*** Begin section ***

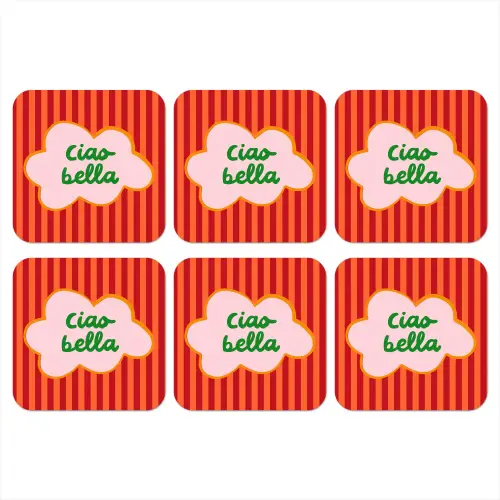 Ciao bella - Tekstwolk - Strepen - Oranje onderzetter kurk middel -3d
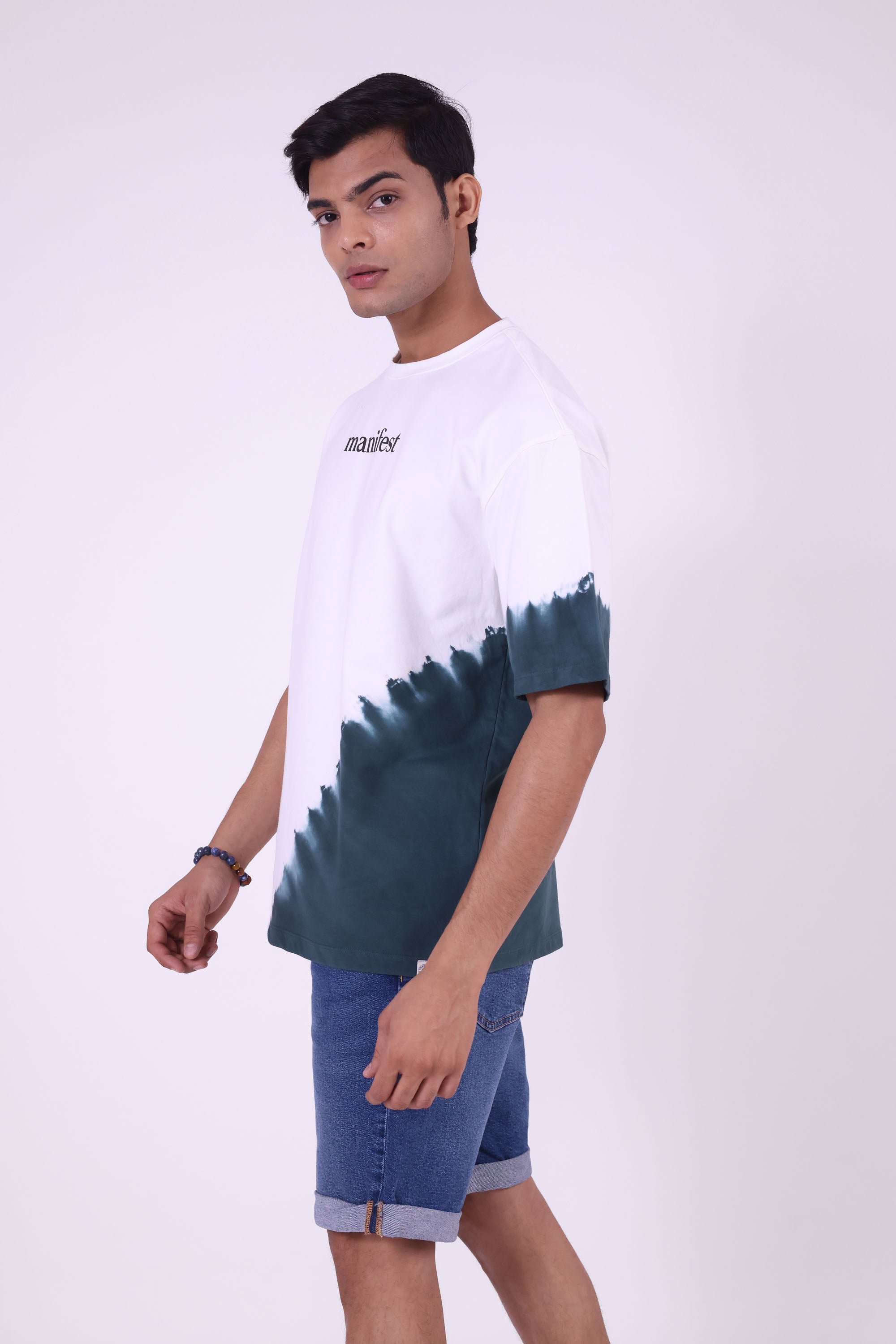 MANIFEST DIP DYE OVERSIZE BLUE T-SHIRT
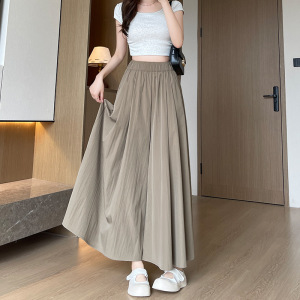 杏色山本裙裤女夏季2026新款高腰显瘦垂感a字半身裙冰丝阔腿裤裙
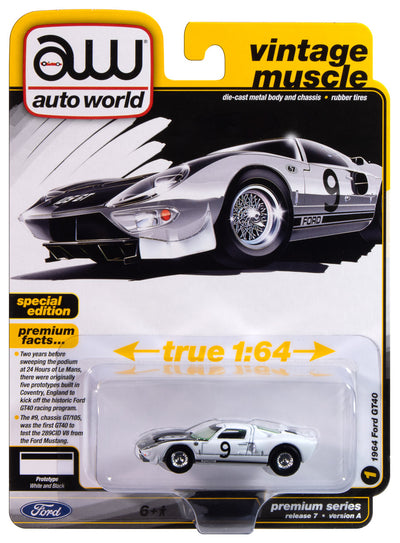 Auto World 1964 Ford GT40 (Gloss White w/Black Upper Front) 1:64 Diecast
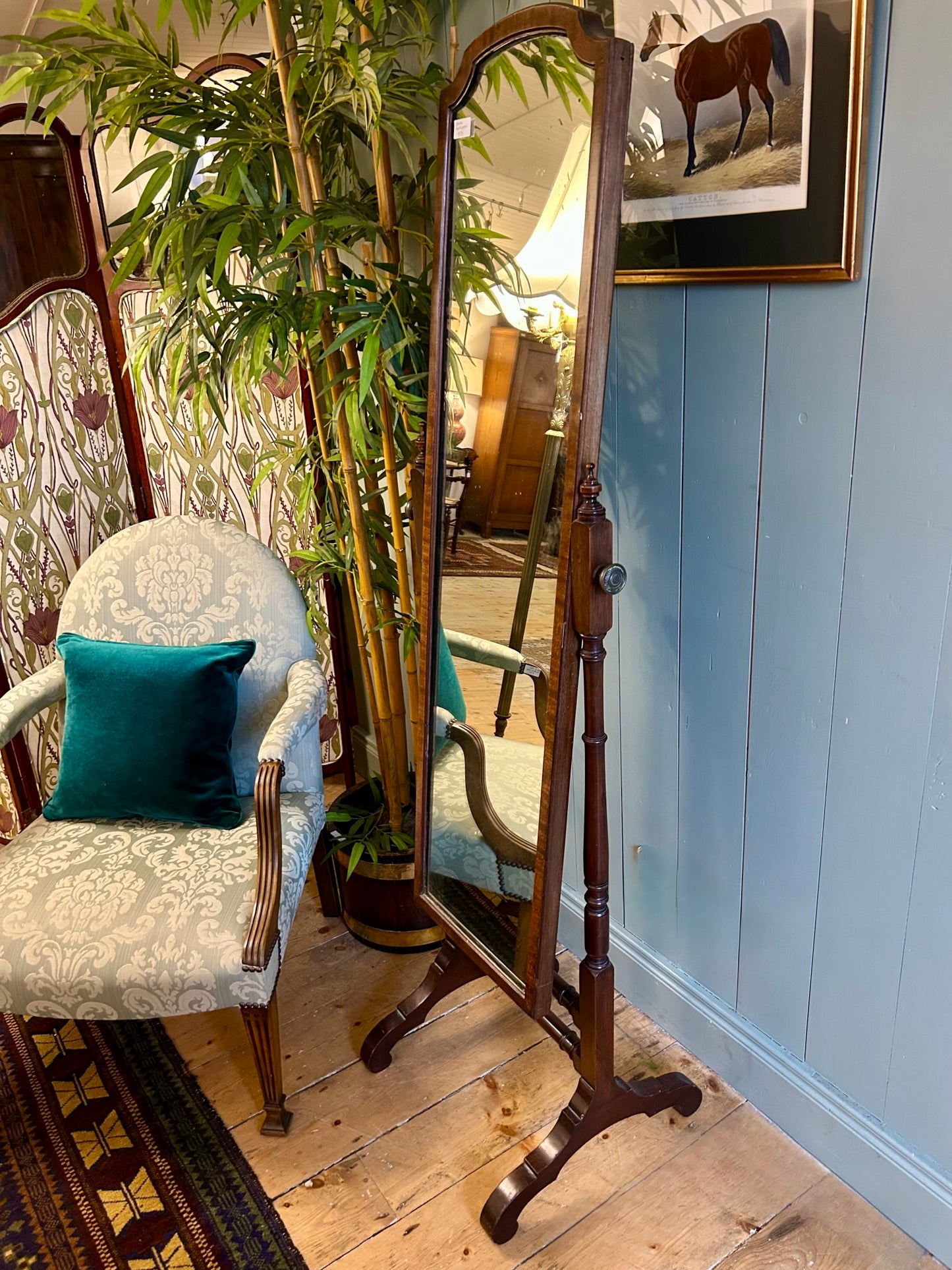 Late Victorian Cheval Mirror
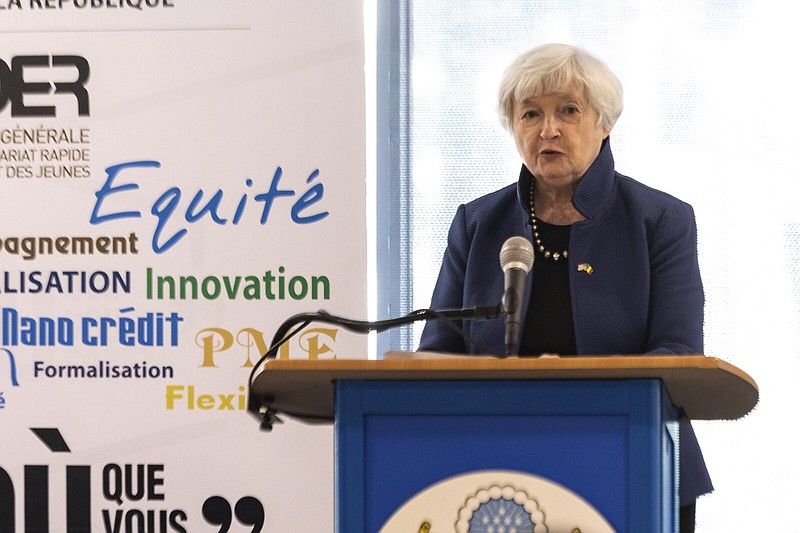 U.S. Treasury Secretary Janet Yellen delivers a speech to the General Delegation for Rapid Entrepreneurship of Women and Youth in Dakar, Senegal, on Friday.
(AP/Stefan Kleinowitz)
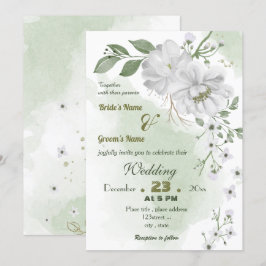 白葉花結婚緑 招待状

*** End section ***

_About this task_
Extract the full listing above verbatim; pictures are to be left out of the copy.

_Problem solution_
 Ciao bella - Tekstwolk - Strepen - Oranje onderzetter kurk middel -3d
 MANIFEST DIP DYE OVERSIZE BLUE T-SHIRT
 杏色山本裙裤女夏季2026新款高腰显瘦垂感a字半身裙冰丝阔腿裤裙
 Auto World 1964 Ford GT40 (Gloss White w/Black Upper Front) 1:64 Diecast
 Late Victorian Cheval Mirror
 U.S. Treasury Secretary Janet Yellen delivers a speech to the General Delegation for Rapid Entrepreneurship of Women and Youth in Dakar, Senegal, on Friday.
(AP/Stefan Kleinowitz)
 白葉花結婚緑 招待状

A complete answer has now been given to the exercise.